The familiar smell of marijuana, sweet and fairly pungent, sort of like thyme or lime or lemongrass burning, is unmistakable. There is no way you can miss it, even if you pass by accidentally or happen to be around the corner.

Outside. On company premises.

Do not try to hide it, because it is almost impossible to do so. It is caused by the chemical terpenes, a brother who was into chemistry in college told me, and can cling for hours to your clothes, as well as in your breath, as many young people now in prison have learned. In your blood and hair it can, and does, last for days.

In 2019 the police issued a notice announcing that possession of up to 30 grammes was now legal and you could smoke it at home, which is where it is advised you use it. If you are caught with more than 30 grammes in your possession you can be fined $50,000, or, if you have 60-100 grammes, $75,000.

But if you smoke or have it in or near a school or in a public place the fine is $250,000 and imprisonment for five years.
And if you smoke marijuana at work, property where your employer is responsible, they will have to “take the bounce.” Every time. It can add up.

Since, like many other people, I thought the decriminalisation of marijuana in 2019 and the police notice mentioned above meant it was legal, I checked the Dangerous Drugs Act.

It says someone will be considered guilty of an offence if smoking on work “property” and that includes a person who is the owner of the property or “is in custody or control” of the property or who “has any obligation in relation to that property” (Section 29A).

The latest amendment includes in the definition of who is responsible for that property (and there is a long list of them) someone who knows it was done “with his consent or connivance” or it is done due to their “wilful neglect” or someone who is “a director, manager or similar officer” of the place, even if they were not aware that it was going on at the time.

Section 29B makes it clear that this liability extends to even one offence.

Now that he has a degree in medicine, I asked my brother how marijuana affects people and whether it could lead to mental illness.
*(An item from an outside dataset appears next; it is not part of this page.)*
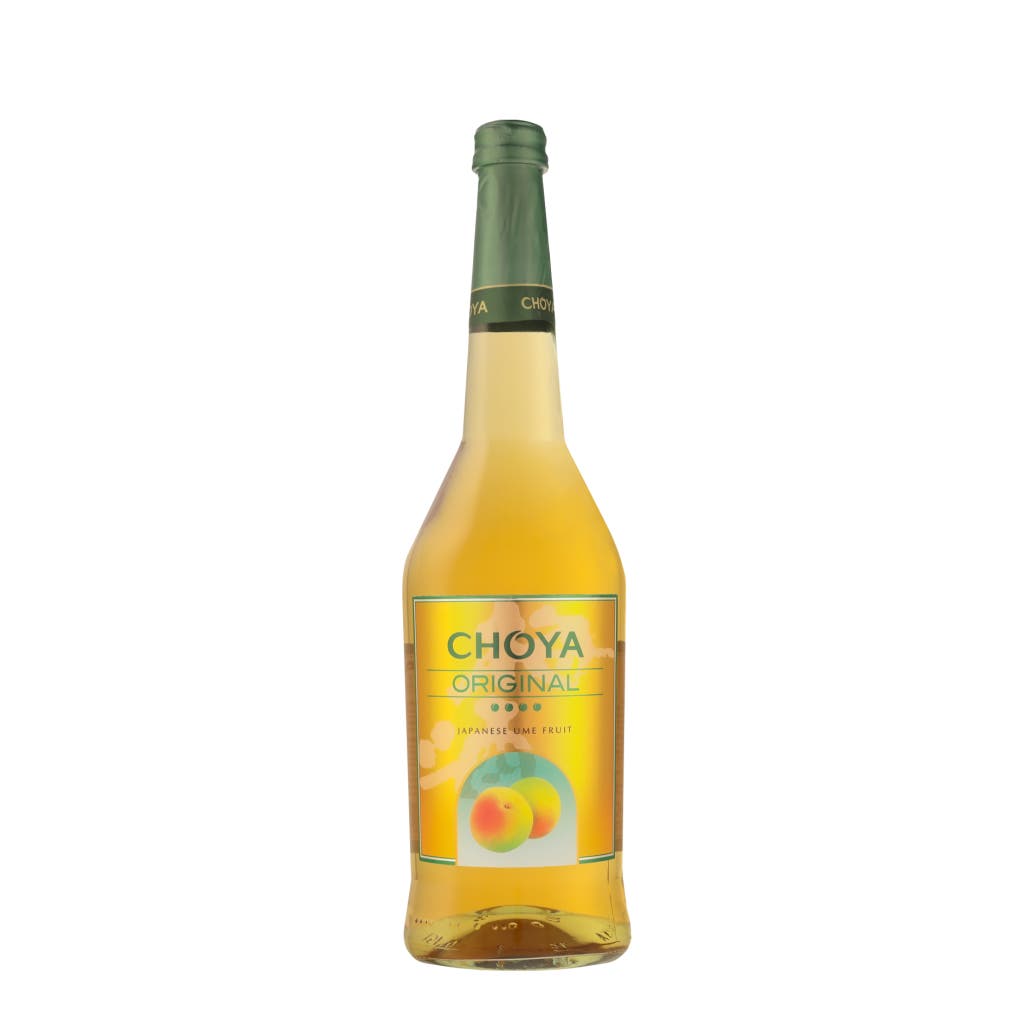Choya Original 75cl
There are many cases recently of mental dysfunction reported as work-related illnesses, arising from the pandemic and from substances used to relieve the stress resulting from effects of the lockdowns. Employers are now being urged to develop policies relating to mental illness among staff.
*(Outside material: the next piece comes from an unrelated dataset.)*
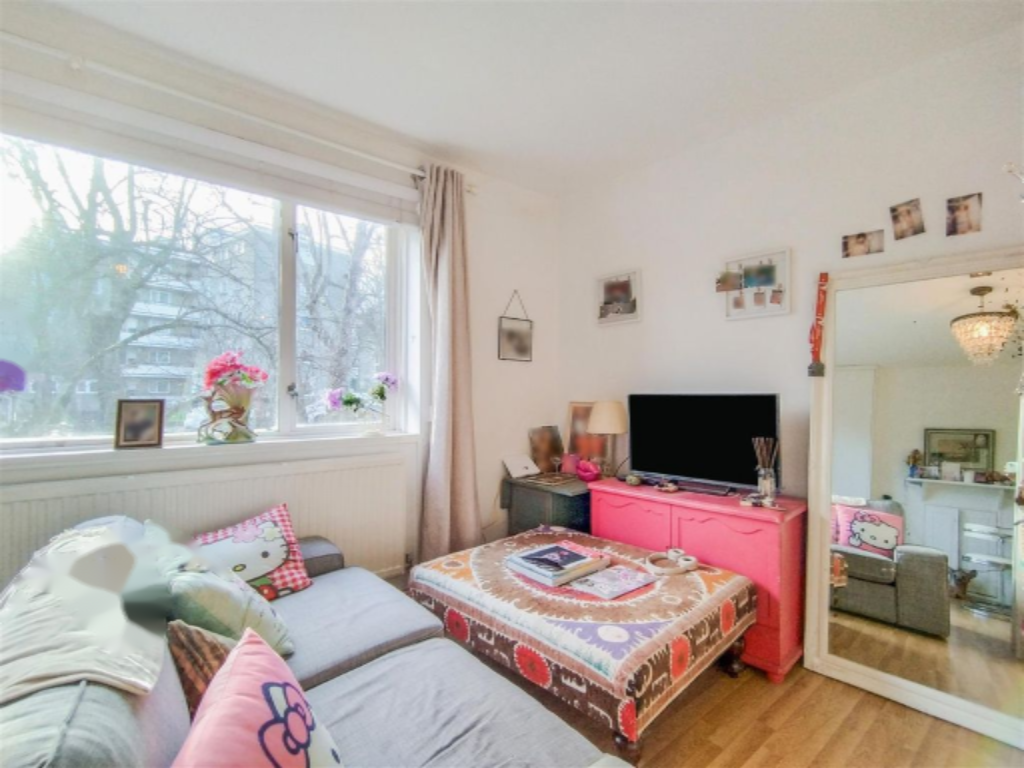 Квартира в Лондоне, Великобритания, 38 м² - фото 2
He had been studying the effects on mental health of marijuana, which is now legal in several jurisdictions where he had been working recently. Some of the effects of marijuana which interfered with work life, he said, were:

Fast heartbeat

Lowering blood pressure

Muscle relaxation

Bloodshot eyes

Sluggish digestion

Dizziness

Drowsiness.

Which is why using it near machinery is dangerous. Even where usage is legal (and it is not legal in TT, just decriminalised), like alcohol it can land you in jail if used in public, while driving, piloting a plane, or while responsible for the care of children or the disabled.

If you are not allowed to drink on the job, he said, you also cannot use it or any other psychotropic drug which can affect your brain and thence your behaviour.

It does not normally lead to aggression, as alcohol often does (hence domestic violence, and fighting on the job), but slows people down, leads to inaccuracy in hand and fine finger-use of machines, weights and measurements, and if used over a long period can lead to hallucinations and paranoid thinking that you are being persecuted by a manager or fellow workers, which can provoke heavy users to violence.

When I think of advice about work policies being advocated for post-pandemic mental illness, including drug use, I remember with a kind of shudder one of my professional contacts 33 years ago who was a heavy marijuana user. He was an industrial relations manager in a manufacturing company, and admittedly was under a lot of stress.

He awoke one night convinced that there was a huge macajuel snake in his bed, reached under his bed for the cutlass he kept there, and chopped its head off.

In the morning he was arrested by the police for chopping his wife’s head off during the night.

Dangerous drugs are called dangerous for a reason.